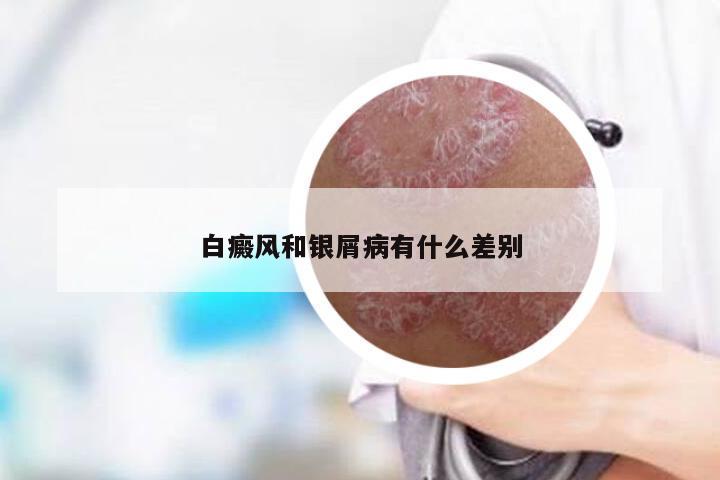 白癜风和银屑病有什么差别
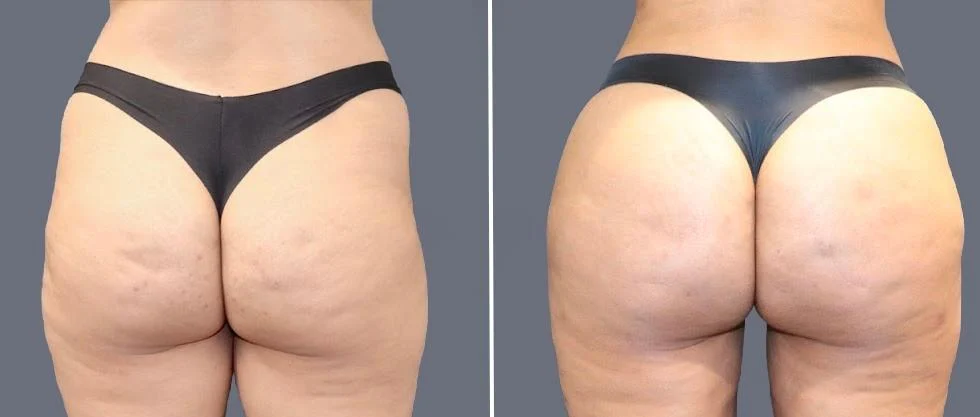 brazilian butt lift pre2024 061 before and after before and after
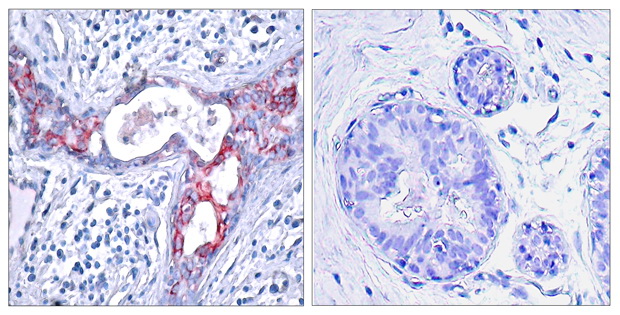 Immunohistochemical analysis of paraffin-embedded human breast carcinoma tissue using GSK3u03b2 (Phospho-Ser9) Antibody  (left) or the same antibody preincubated with blocking peptide #51002 (right).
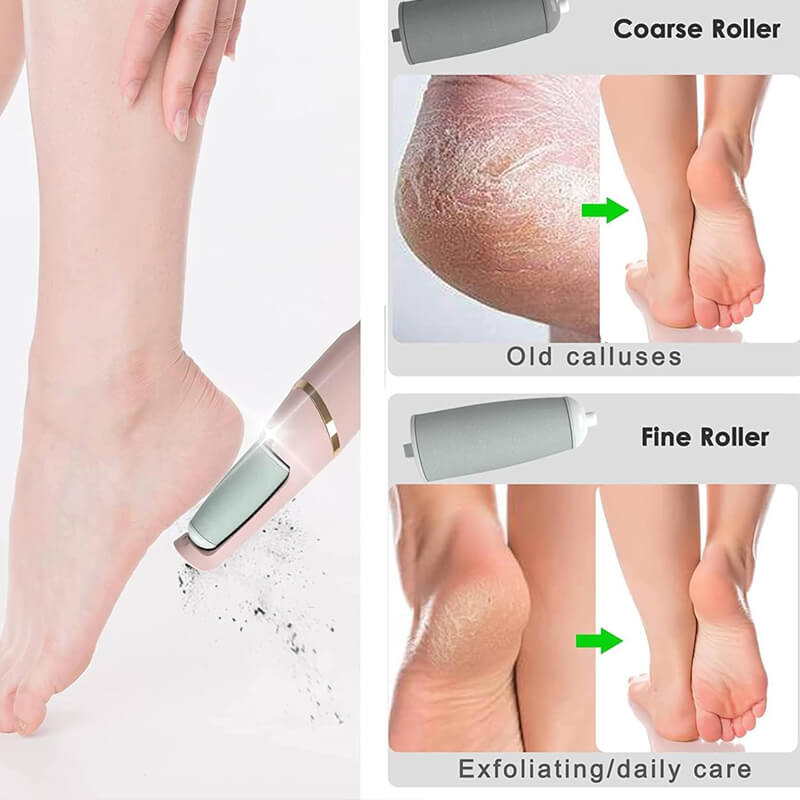 Electric Pedicure Foot File Callus Remover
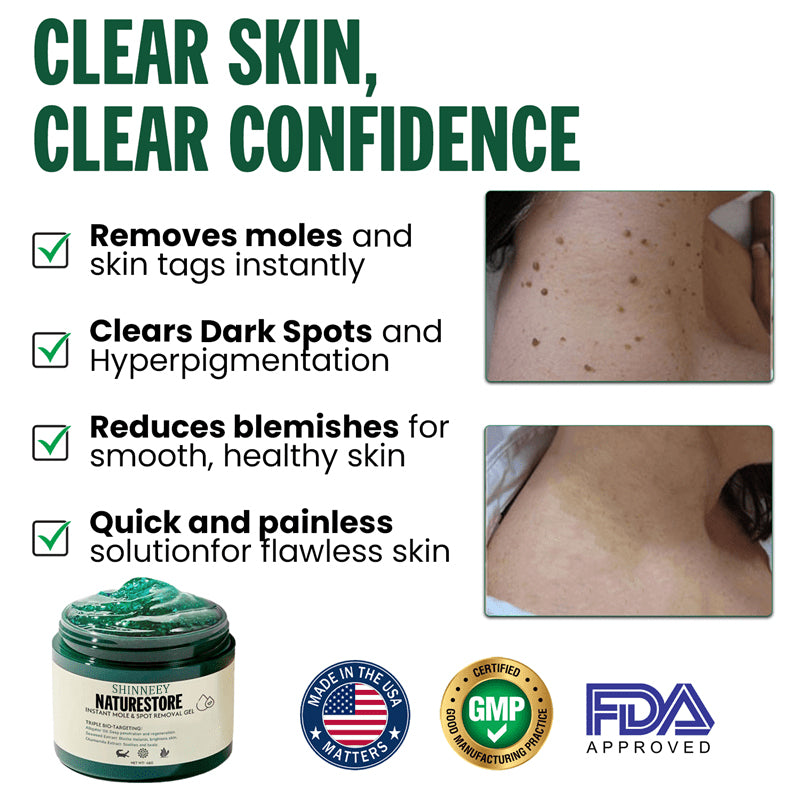 SHINNEEY® NATURESTORE Instant Mole & Spot Gel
****
_PROBLEM REQUIREMENTS_
The line containing "Electric Pedicure Foot File Callus Remover" and every line after it, through the end of the records, are what you should retype exactly. Do not include the pictures.

_EXERCISE RESPONSE_
 Electric Pedicure Foot File Callus Remover
 SHINNEEY® NATURESTORE Instant Mole & Spot Gel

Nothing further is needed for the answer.